Wednesday, June 13, 2007

Preservation and Priorities

Since I have not attended my local chamber of commerce's events for several months I decided to attend today because Minnesota's Secretary of State, Mark Ritchie, was the guest speaker. If readers don't know the secretary of state (http://www.sos.state.mn.us/home/index.asp) is responsible for primarily two things - 1.) registration of companies doing business in the state, and 2.) serving as the chief elections officer. The secretary of state also sits on the state council which determines where Minnesota's "$59 billion in investments.........." are allocated.

What struck me in Secretary Ritchie's speech today was the concern he stated that our marble (one of only four in the nation apparently) state capitol dome is leaking. Secretary Ritchie was opposed to the current plan to issue bonds to pay for the repairs versus simply allocating the funds today. Wait a minute Mr. Ritchie -- I agree with you that we should maintain our capitol but past governors and legislators should have taken care of this problem years ago INSTEAD of building the State Office Building to supply legislators with offices and the new judicial branch building. Traditionalists (and fiscal conservatives) like me want to see the "good old days" when everyone worked in the state capitol not in satellite buildings like we have today.

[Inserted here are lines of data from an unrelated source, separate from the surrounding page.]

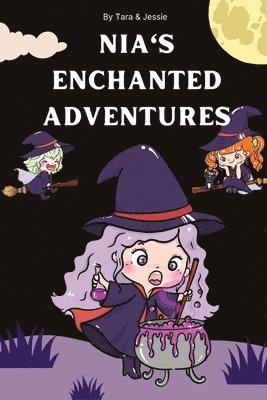 Nia's Enchanted Adventures 1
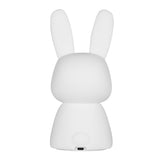 TONGER® Bunny Silicon Night Light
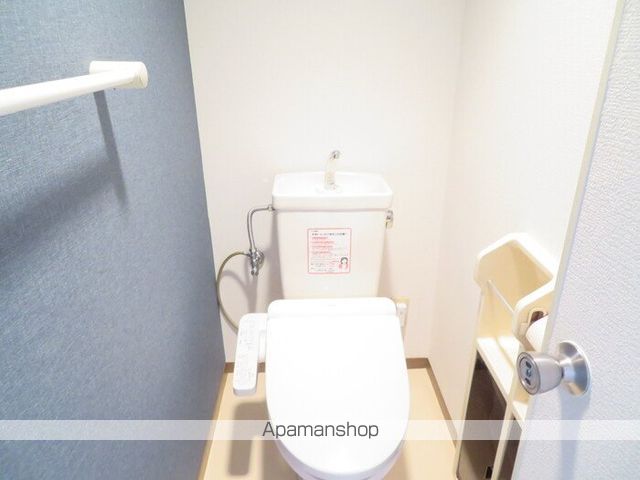 ファミーユ・ヴィラ A棟 A棟の内装写真
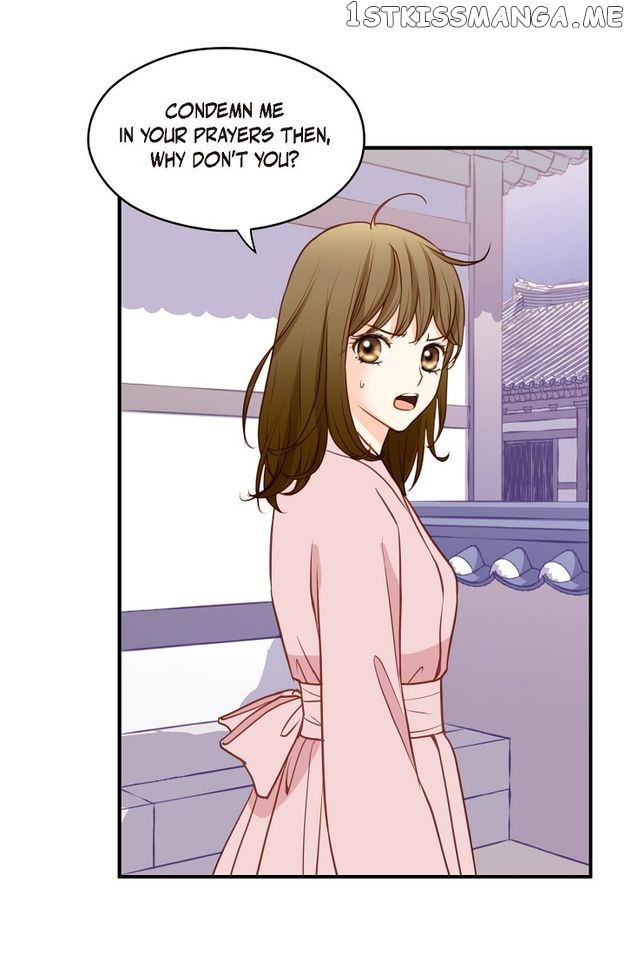 Sarasah - Manga Chapter 109 - page 47
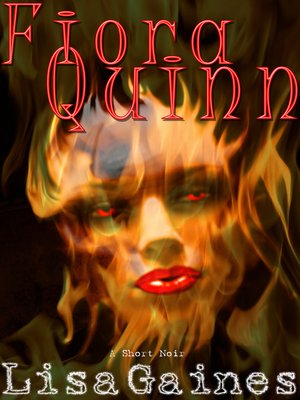 cover image of Fiora Quinn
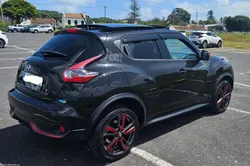 Nissan Juke TENKA full extras
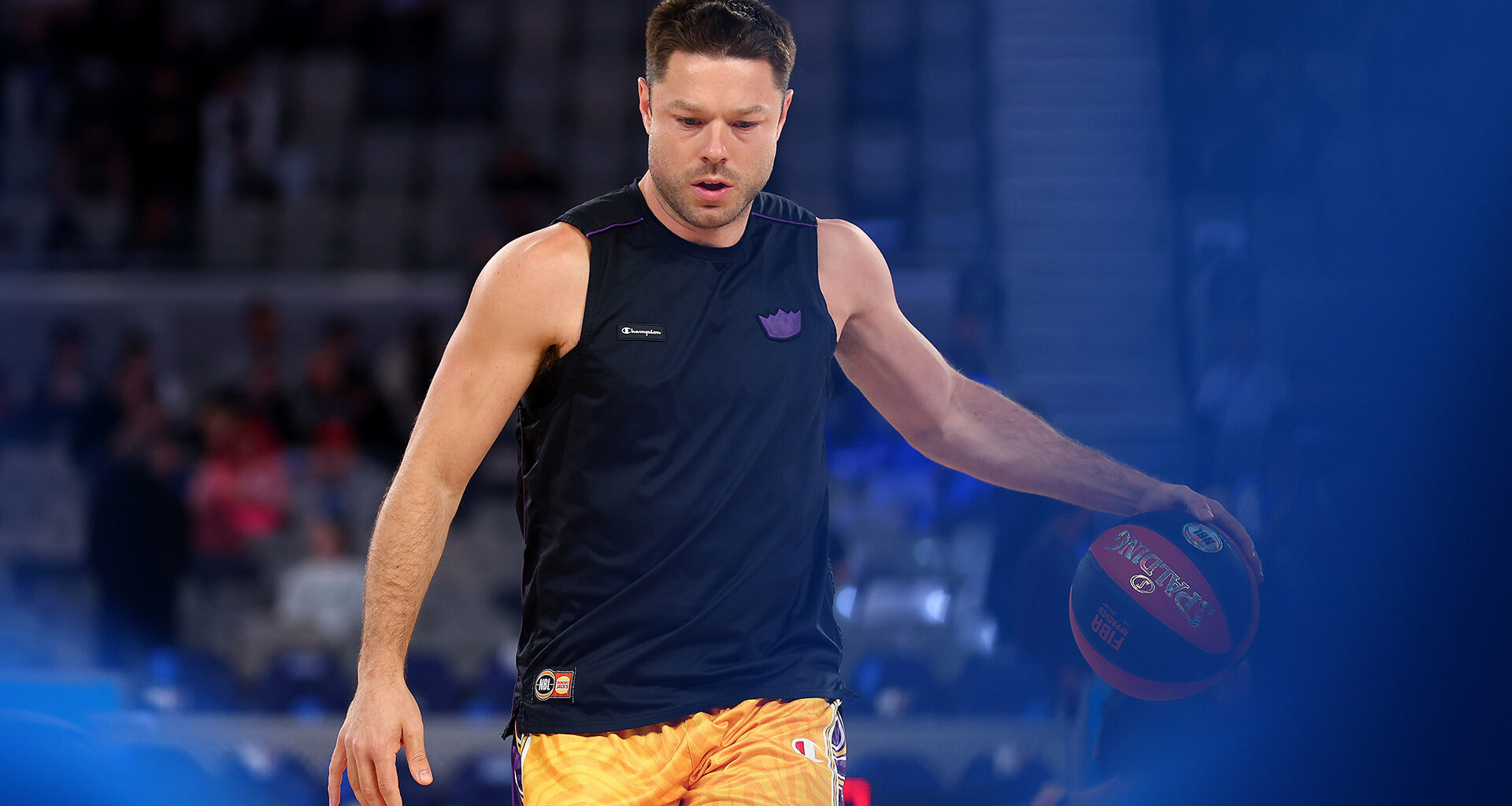 Third time the charm for Dellavedova?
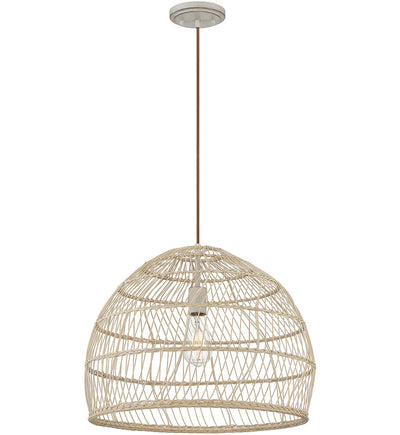 Meridian - Meridian 20" Pendant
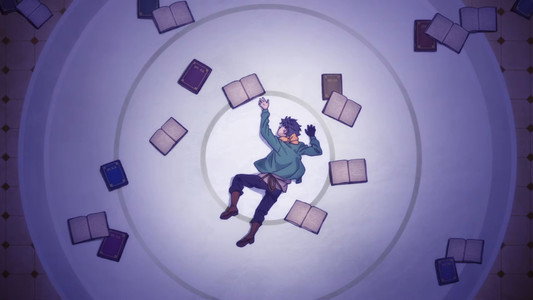 Re:ゼロから始める異世界生活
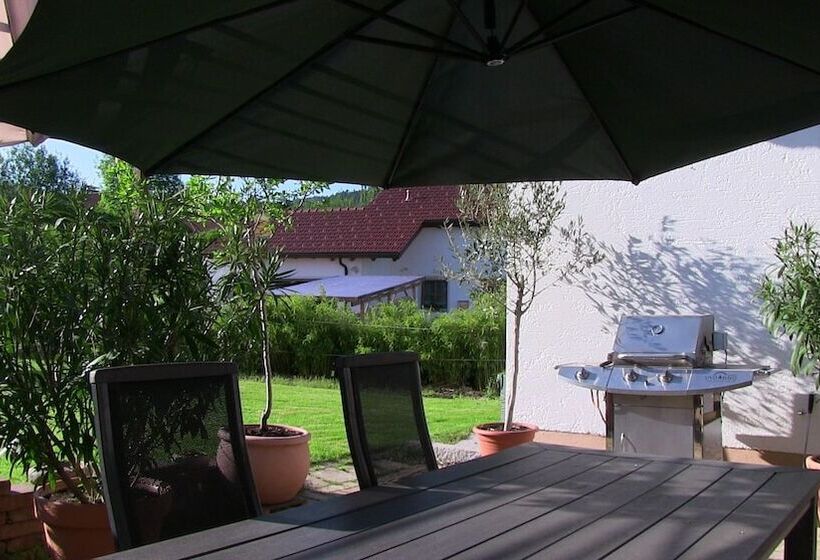 Ferienwohnung Max Riedl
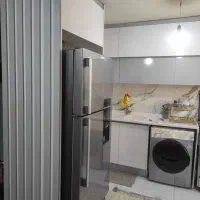 آپارتمان ۱ خوبه لاکچری در بهارستان جاده ساحلی|فروش آپارتمان|سنندج, |دیوار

A very simple solution would be for the State of Minnesota to sell the State Office Building to a private developer and use the proceeds to move everyone back into capitol offices AFTER the marble dome repairs are completed. The property taxes that would be paid by a private entity owning the State Office Building would be a welcome revenue injection for the City of St. Paul and Ramsey County (the "host" of the state capitol complex which is exempt from paying property taxes of course).

Before you go spending more of our tax money let's divest some state assets first.

Todd

1 comment:

Anonymous said...

Repairing the dome is a capital expense. Bonding is appropriate.

Sell the SOB? Ahem, State Office Building? I don't think so. Sure, I'd love to see our state government shrink in size, dramatically. But it's not realistic to think that all the legislators, plus staff, can fit into the capitol building.